| ASSIGNMENT |
Copy out exactly the lines from the one containing "Hunter Bonnie Lug" to the last line of the records below, both included, and leave out any pictures.

[Short text fragments from websites]

==================================================

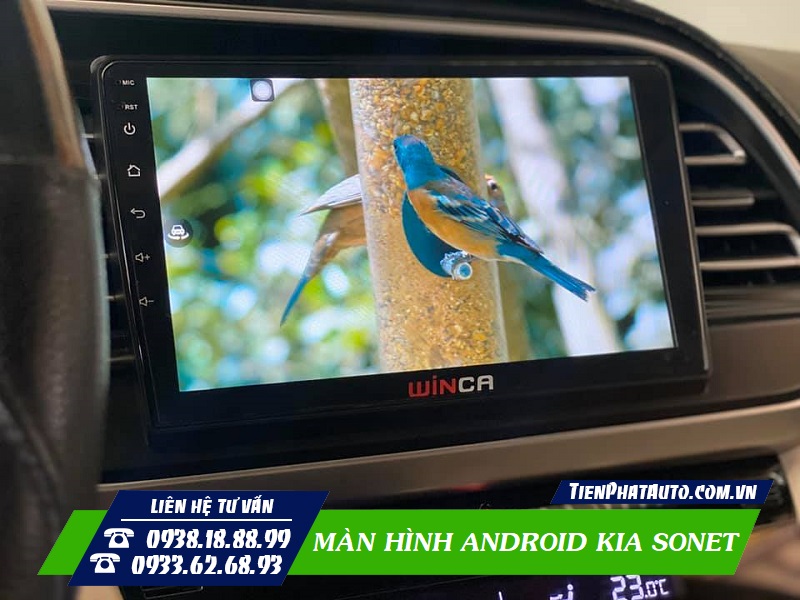 Màn hình Android có thể đáp ứng mọi nhu cầu giải trí trên xe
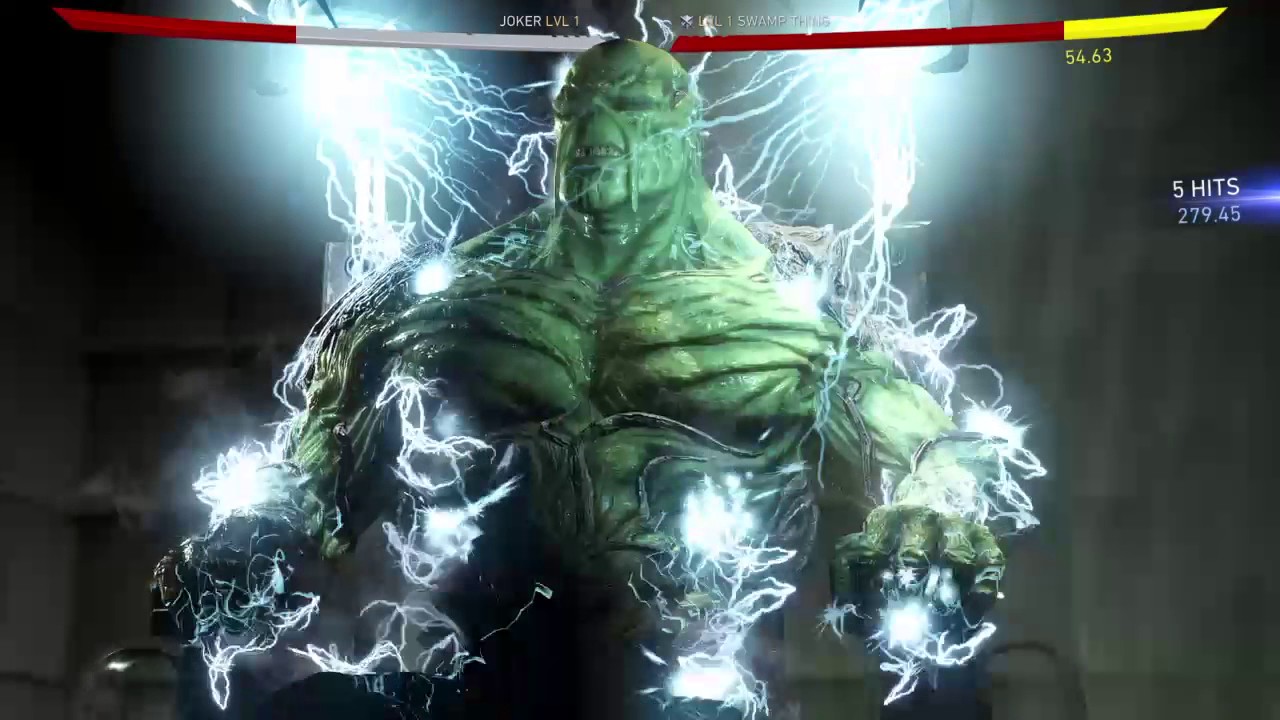 Injustice 2 Joker vs Swamp Thing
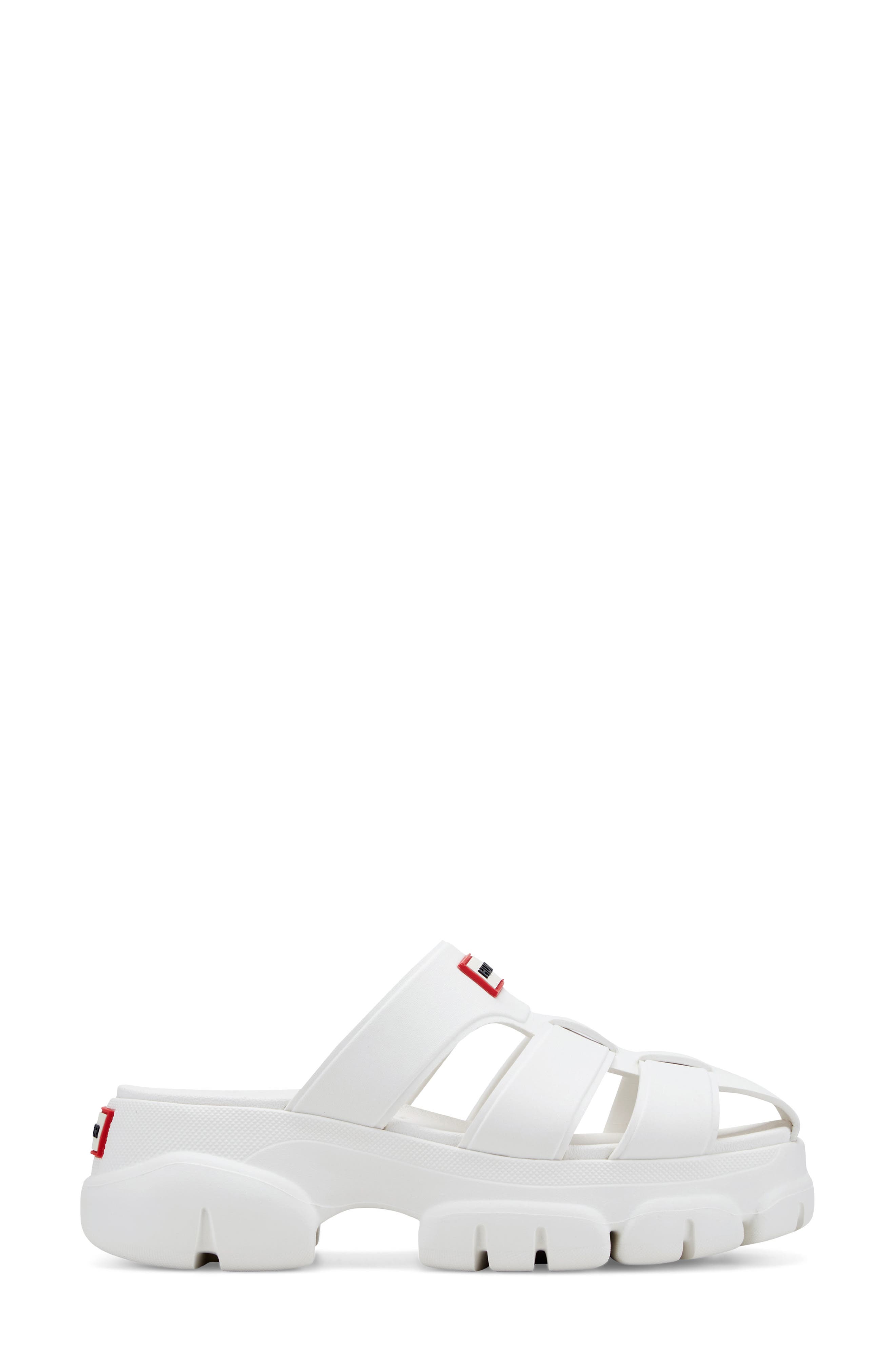 Hunter Bonnie Lug Sole Slip-On Shoe, Alternate, color, White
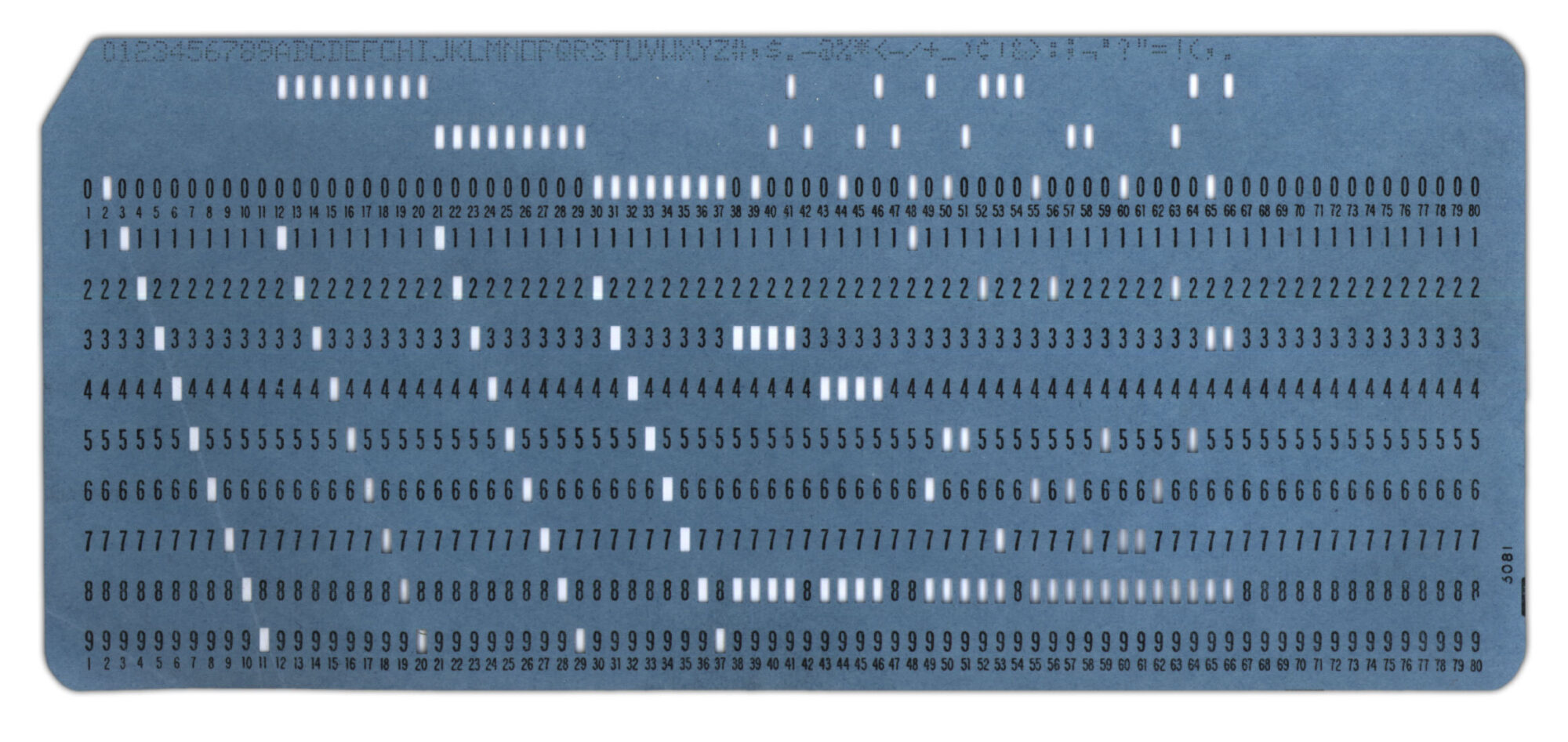 02 IBM Punch Card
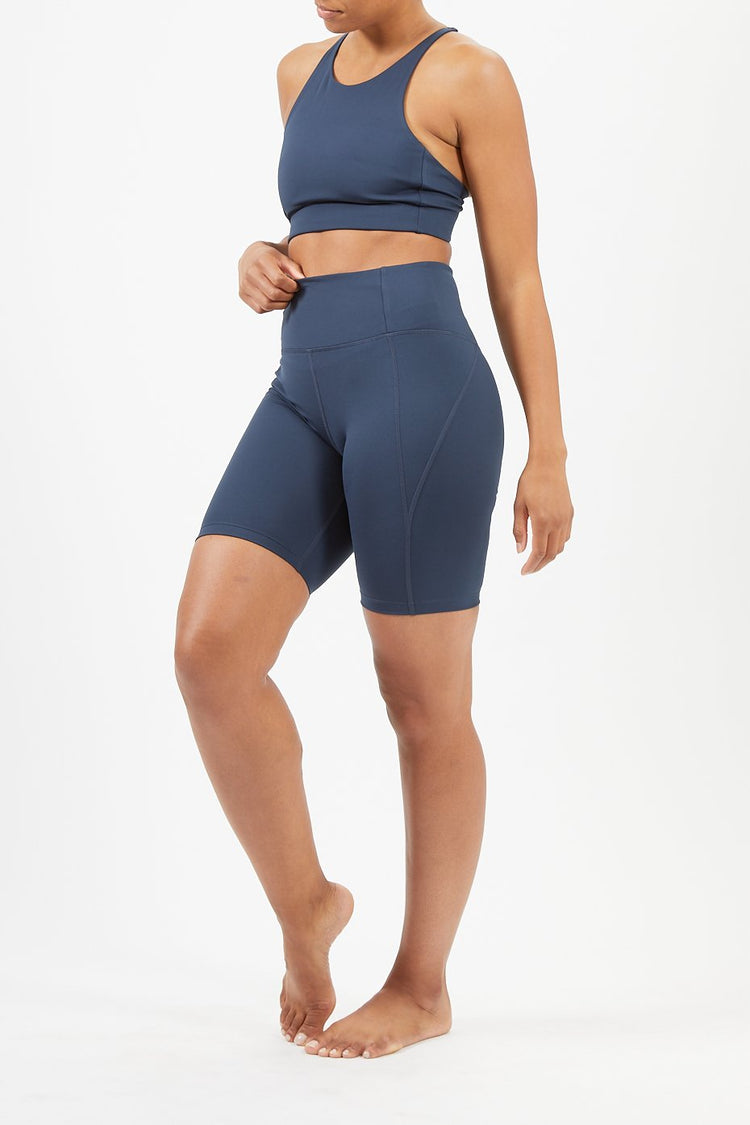 Girlfriend Collective Midnight Navy High Rise Bike Shorts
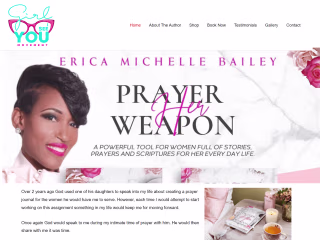 Web Design Project: Prayer Is Her Weapon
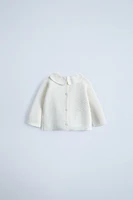 PETER PAN COLLAR KNIT SWEATER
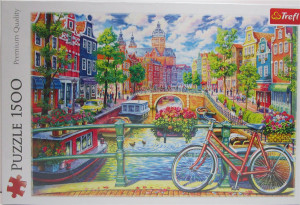 Trefl Puzzle 26149 Der Amsterdam Kanal, Niederlande 1500 Teile 85x58cm - OVP NEU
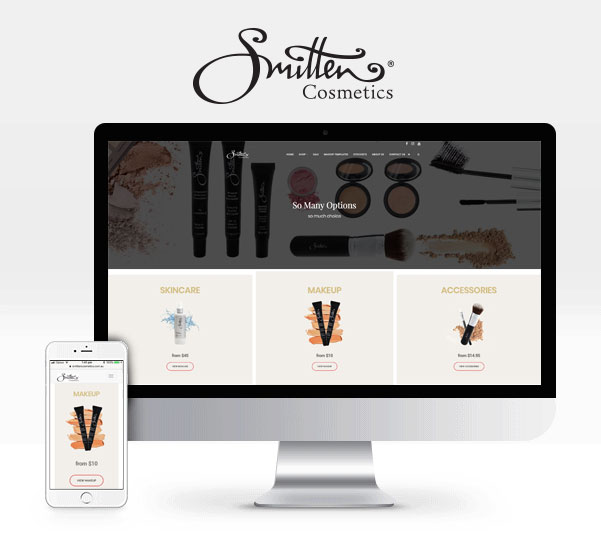 Smitten Cosmetics – eCommerce Website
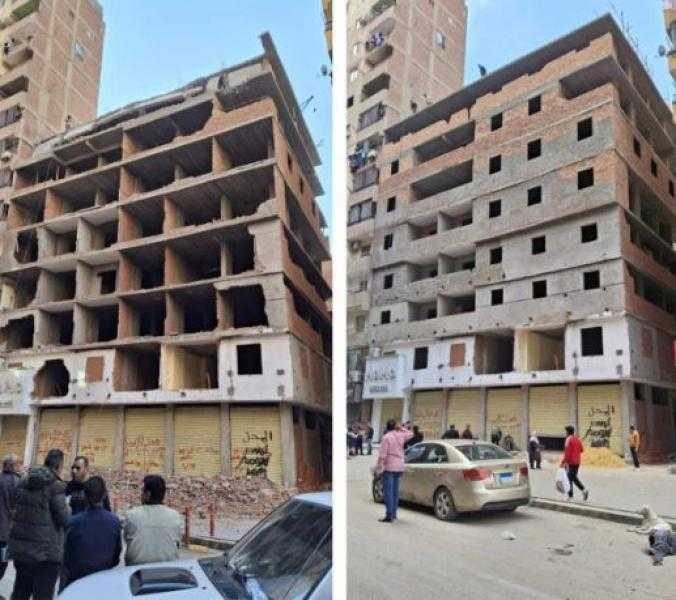 التنمية المحلية: إزالة عقار مخالف من 7 أدوار بعين شمس وإحالة بعض مسئولي الحي للنيابة الإدارية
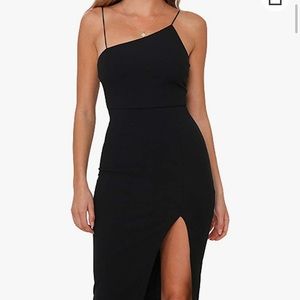 JUST QUELLA Sexy Backless Black Party Dress 0-2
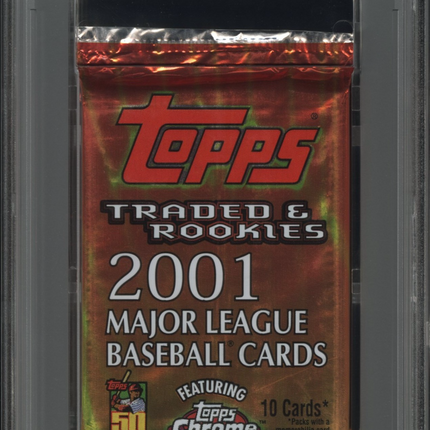 2001 Topps Baseball Traded & Rookies Foil Traded & Rookies PSA 8
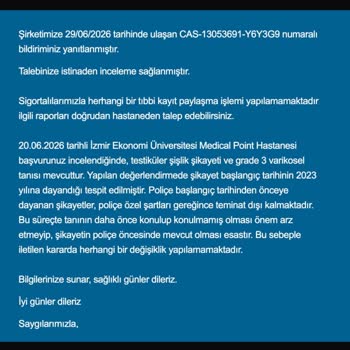 Allianz Sigorta Haksız Muafiyetine Karşı Provizyon Onayı Talebi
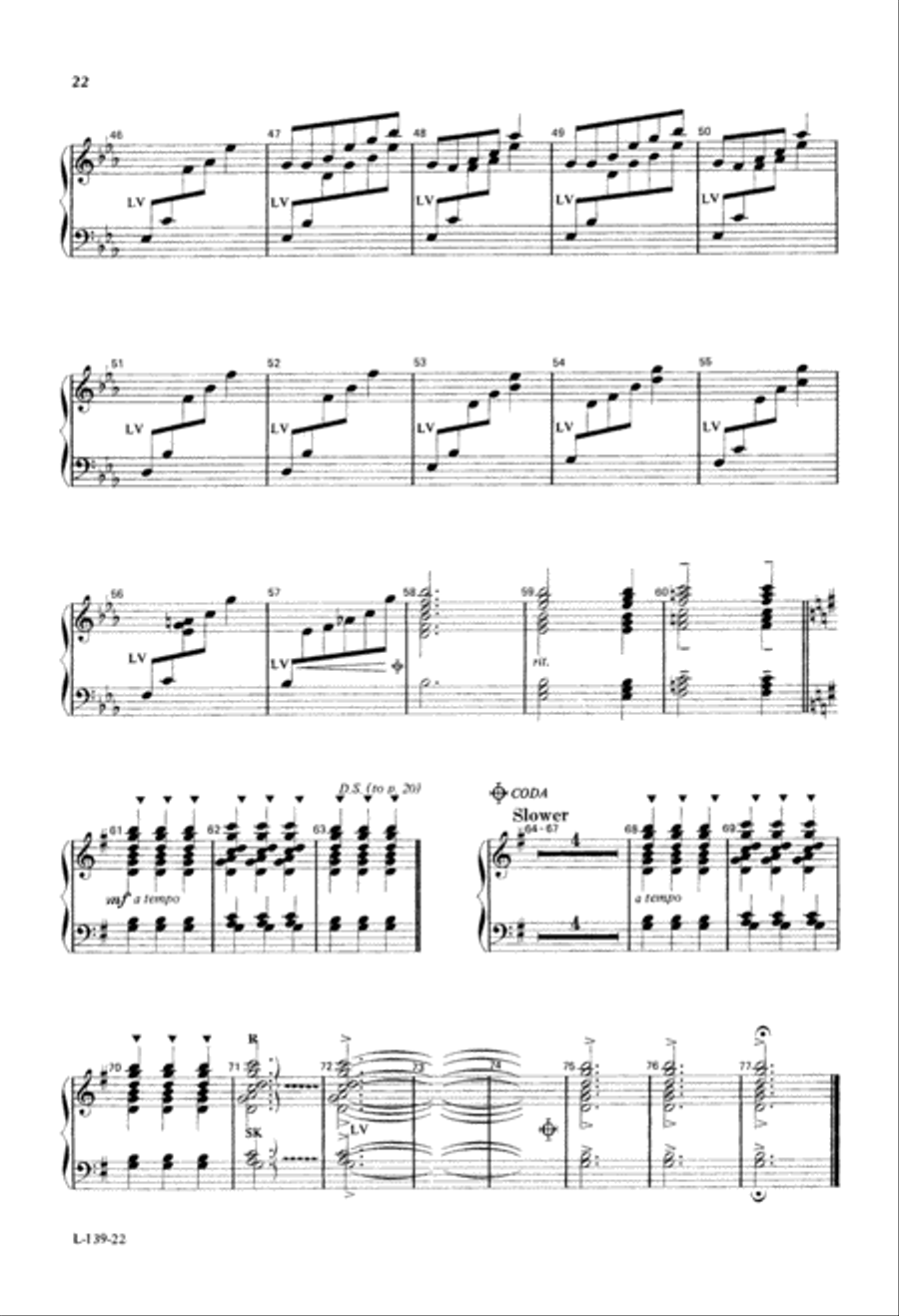 Lord Is My Strength And My Shield (Digital Download) 4-Part scores gallery preview page 22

==================================================

| EXERCISE RESPONSE |
 Hunter Bonnie Lug Sole Slip-On Shoe, Alternate, color, White
 02 IBM Punch Card
 Girlfriend Collective Midnight Navy High Rise Bike Shorts
 Web Design Project: Prayer Is Her Weapon
 PETER PAN COLLAR KNIT SWEATER
 Trefl Puzzle 26149 Der Amsterdam Kanal, Niederlande 1500 Teile 85x58cm - OVP NEU
 Smitten Cosmetics – eCommerce Website
 التنمية المحلية: إزالة عقار مخالف من 7 أدوار بعين شمس وإحالة بعض مسئولي الحي للنيابة الإدارية
 JUST QUELLA Sexy Backless Black Party Dress 0-2
 2001 Topps Baseball Traded & Rookies Foil Traded & Rookies PSA 8
 Allianz Sigorta Haksız Muafiyetine Karşı Provizyon Onayı Talebi
 Lord Is My Strength And My Shield (Digital Download) 4-Part scores gallery preview page 22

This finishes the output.